Okay. So that completes the synthesis in the de novo pathway of the purines.
Now let's look at the de novo synthesis of the pyrimidines.
You can see on the screen the schematic showing these --
the six reactions that one goes in making pyrimidines, starting with very simple precursors
and ending up with the first of the pyrimidine nucleotides; UMP.
Now, we're looking at it from this sort of zoomed out view that I described
before to get an idea about how this is happening.
We remember that the pyrimidine ring is made separately from the sugar
and then later is attached. So we see that happening here.
In fact we see the attachment of the ring in reaction number five.
The pentose sugar appears for the first time at that point.
And in reaction number six, we're making the UMP.
Now, like the asynthesis of the purines,
we don't need to go through every step to understand what's happening in this process.
There are two reactions I wanna focus on so that you can understand better what's happening.
And the most important of these is the very first one I'll talk about which is reaction number two.
The reaction number two is catalyzed by an enzyme known as ATCase.
And I've described this enzyme in other lectures in the series,
but I wanna now focus on this with respect to balancing of nucleotides.

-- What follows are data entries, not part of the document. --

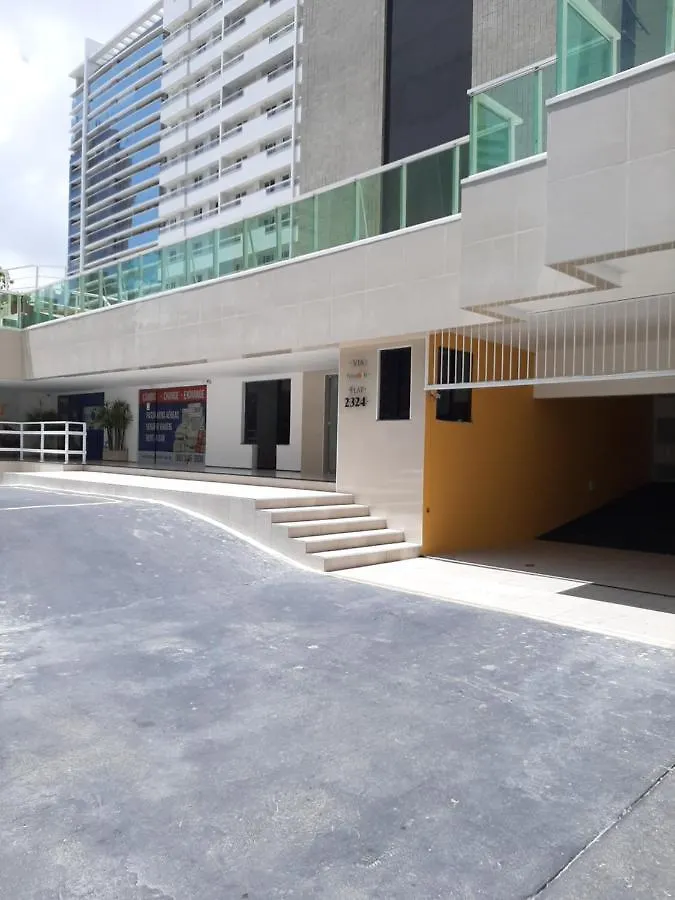 Via Venetto Apt 1302 Meireles Fortaleza Apartment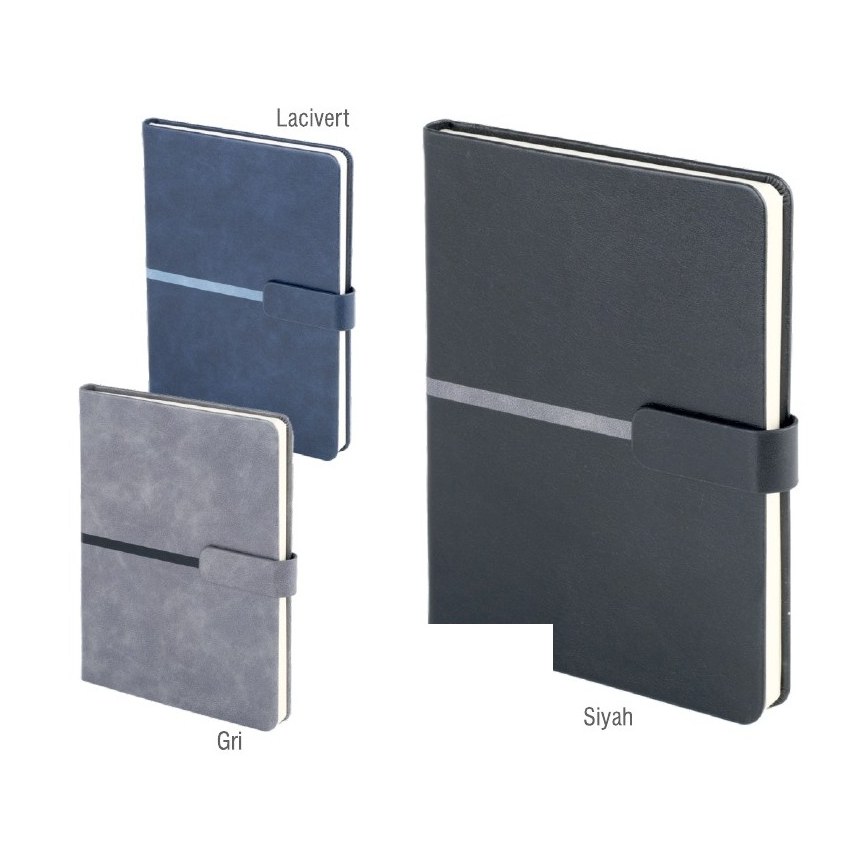 Termo Deri Tarihsiz Defter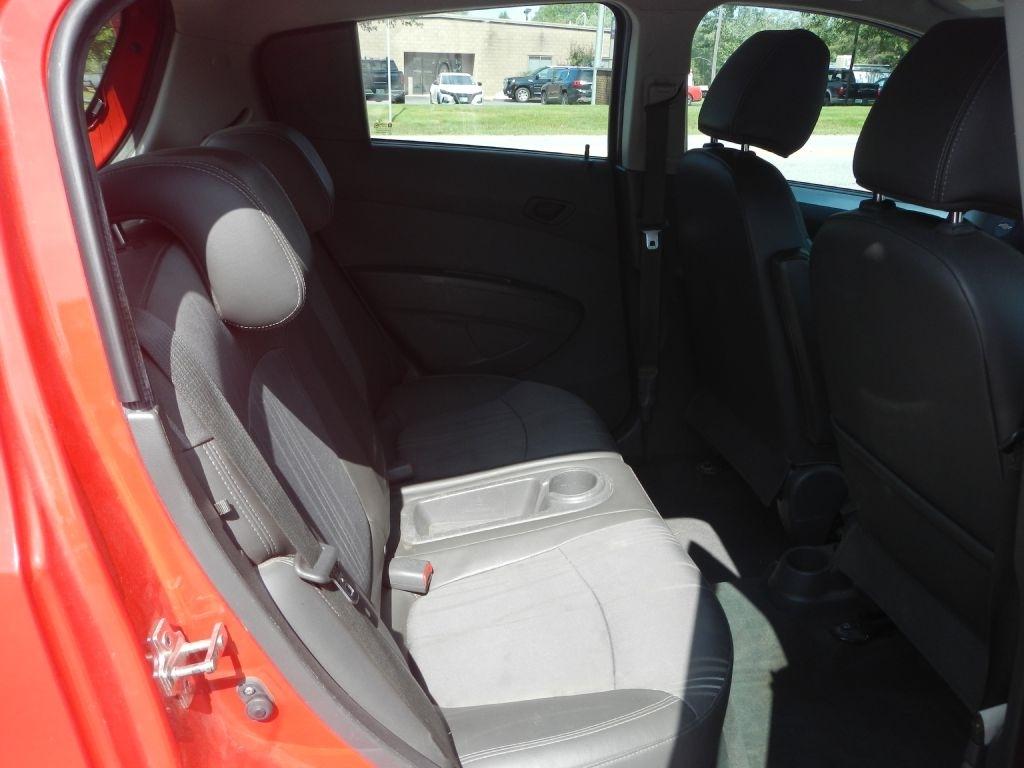 Chevrolet Spark LS Manual 2014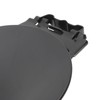 Fuel Filler Door Cover Gas Cap Tank Cover 10385417 Black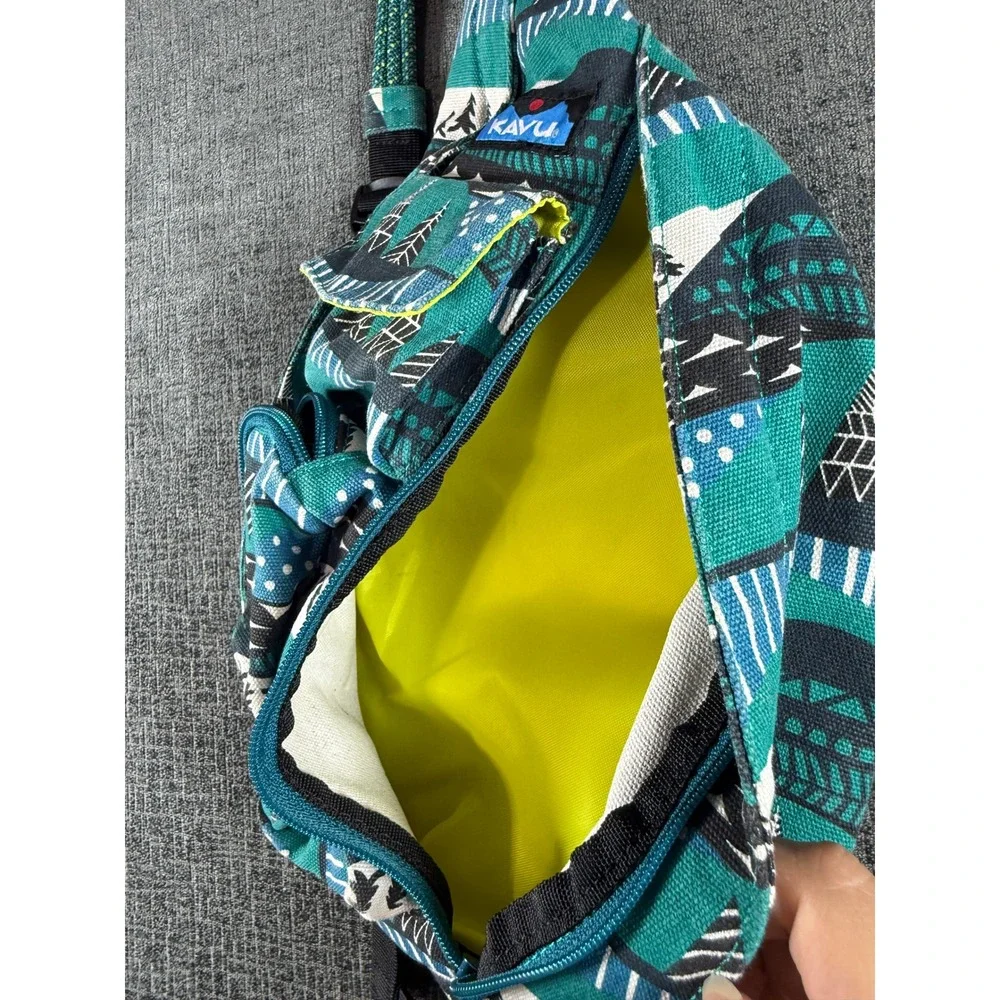 Kavu rope bag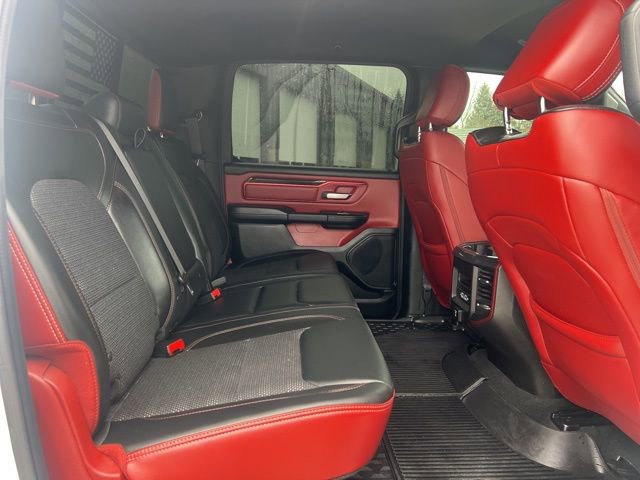 Used 2019 RAM 1500 Rebel w/ Rebel Level 2 Equipment Group image 13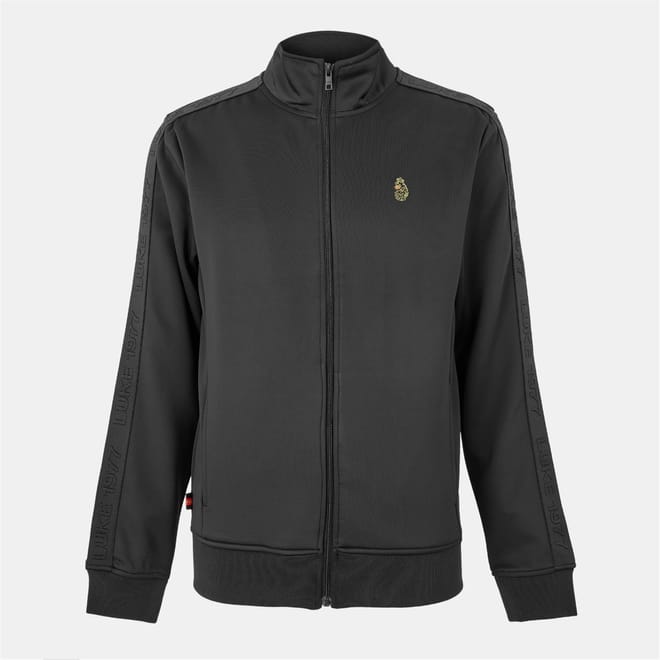 Trico Funnel Neck Regular Fit Sweatshirt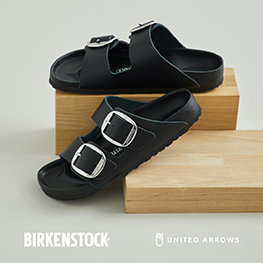 BIRKENSTOCK for UNITED ARROWS
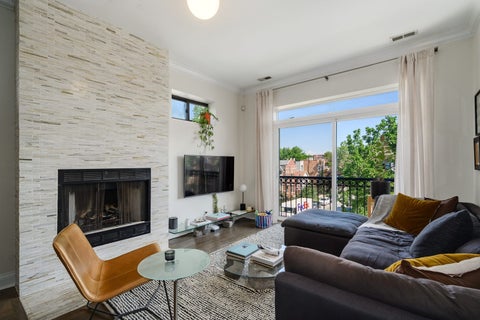 Tiny photo for 2659 W Iowa Street #3, Chicago, IL 60622 (MLS # 12747338)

ATCase catalyzes the following reaction: carbamoyl phosphate is converted into carbamoyl aspartate.
And that happens by adding an aspirate to the first molecule carbamoyl phosphate.
The enzyme catalyzing it of course is ATCase.
Now, that is the second reaction in the process.
There are a series of reactions that happen.
Converting carbamoyl aspartate into one molecule into another molecule into another molecule, etc.
There are six reactions to get to UMP.
There's about 10 reactions to get down to the final product there which is CTP.
Now, what's important here is CTP is what we call the end product of the pathway.
CTP has an important function here.
It inhibits the action of ATCase.
This inhibition of an end product of a pathway inhibiting an enzyme
early in the pathway is known as feedback inhibition.
This feedback inhibition is important for controlling how many pyrimidines nucleotides are made.
So, for example; if we have too much CTP,
we don't want enzyme cranking out more pyrimidine nucleotides so then we make more.
And we wasted energy, and it would be an imbalance.
So by having CTP feedback and inhibit the enzyme,
we see one control that is helping the cell to balance the appropriate amount of pyrimidine nucleotides to make.
Well, that's not the only balance that's involved with this enzyme.
This enzyme is involved in balancing.
Not only the amount of pyrimidine nucleotides that are made,
but also the relative amount of pyrimidine versus purine nucleotides and that's done by this.
ATP is a purine, so ATP's ability to activate ATCase
as you see here is essential for being able to balance the relative amounts of purines and pyrimidines.
Because if we think about what happens with purines
and pyrimidines in synthesizing a nucleic acid, we think of what?
A pairs with T and G pairs with C. Well, A is a purine, T is a pyrimidine, G is a purine and C is a pyrimidine.
We see that purines pair with pyrimidines.
We should have approximately equal amounts of the two.
We have too much of one versus the other, we get the mutation I talked about.
Now, this ATCase placed a very important role then in determining if the balance is proper.
So let's imagine for example we have a race that happens between CTP and ATP.
The one that wins the race to the enzyme first affects the enzyme appropriately.
So if we have more CTP than we have ATP, then CTP will more likely win the race
and will get to the ATCase and turn it off.
Turns off synthesis of pyrimidine nucleotides.
Therefore the purines get a chance to catch up by their synthetic pathway.
If ATP wins the race that means there's more purines than pyrimidine.
It means that we wanna start making more pyrimidines,
ATCase gets activated and the synthesis of purines -- of pyrimidines are continuous.
So, ATCase provides that balance.
Now, it's the third thing that helps the balance
and it doesn't have anything to do with nucleotides and it's aspartate that we can see right here.
Aspartate is important in that overall scheme as well but not from a nucleotide perspective.
Remember that aspartate is an amino acid.
If the nucleotides are being made for cell division,
then the cell has to have all of its materials in order, it has to have all the things that it needs.
And so if there's abundant aspartate, then that's an indication there's plenty of amino acids the cell can go forward.
So, aspartate activates ATCase, and it tells the cell we've got plenty of amino acids, let's go forward with this.
And if there's not enough aspartate, then that will not be activated by that
and the enzyme will be less likely to make the pyrimidine nucleotides.
Balance is very important, pyrimidines and purines.